ルイ(久保さん提供)
ルイ(久保さん提供)

 2年前の冬、母と娘が「ちょっとペットショップ見てくる」といつもの散歩のように出かけていき、ベンガル種の雄の子を連れて帰ってきた。

「可愛いでしょ!」と、喜んでいる娘と満足そうな両親の笑顔に、とても「返してらっしゃい!」と、近所で拾ってきた猫であるかのごとく言うわけにもいかなかった。

 一番驚いたのは、マスオさんよろしく私の両親と2世帯で暮らしてくれている優しい夫なのであるが、猫は今、テレワークのお供のように夫のデスクの横で日向ぼっこするのが日課になっている。

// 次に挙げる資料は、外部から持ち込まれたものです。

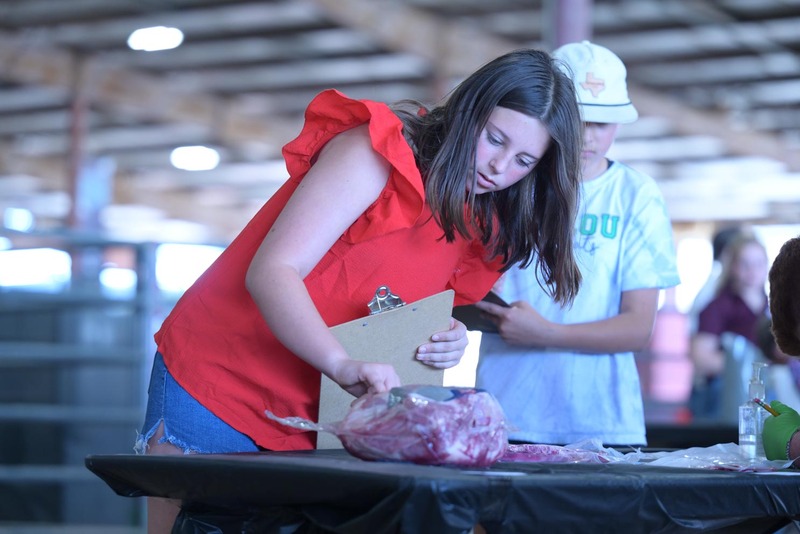 26RA- SwineSkillHS-4092.jpg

 まあ兆候はあった。ことあるごとに母と娘が「猫、可愛いよね」「ママが子供の頃は飼ってたんでしょ?」などと話しかけてくるのをかわしながら生活していた。

 私の本音は“責任持たないで可愛がる祖父母のような立場でいいなら飼いたいけど、自分の仕事と家のことでとても余裕がない”のであった。

 あと、過去に飼っていた猫の最期を見届けて、もうあの気持ちは味わいたくないのもあった。

 しかし、このコロナ禍に猫がいたことで家族全員、心が救われた。オンライン授業やテレワーク、3食の食事の提供などで、全員が精神的に疲労していた。きっと、猫がいなかったらこのつらさの逃げ場はなかっただろう。

 猫はそんな事情はどこ吹く風で、それぞれの部屋を行ったり来たり。きっと一日中家族がいることを喜んでいるのだろう。

 2歳になったベンガル猫ルイは、とにかく遊びたい盛りで誰にでも飛びついてくる。それもまた気持ちがほぐれる瞬間。

 しかし、ベンガル猫は野性味あふれているので完全に人間を獲物と思っているらしい。で、ロックオン中の顔がこれ(写真)。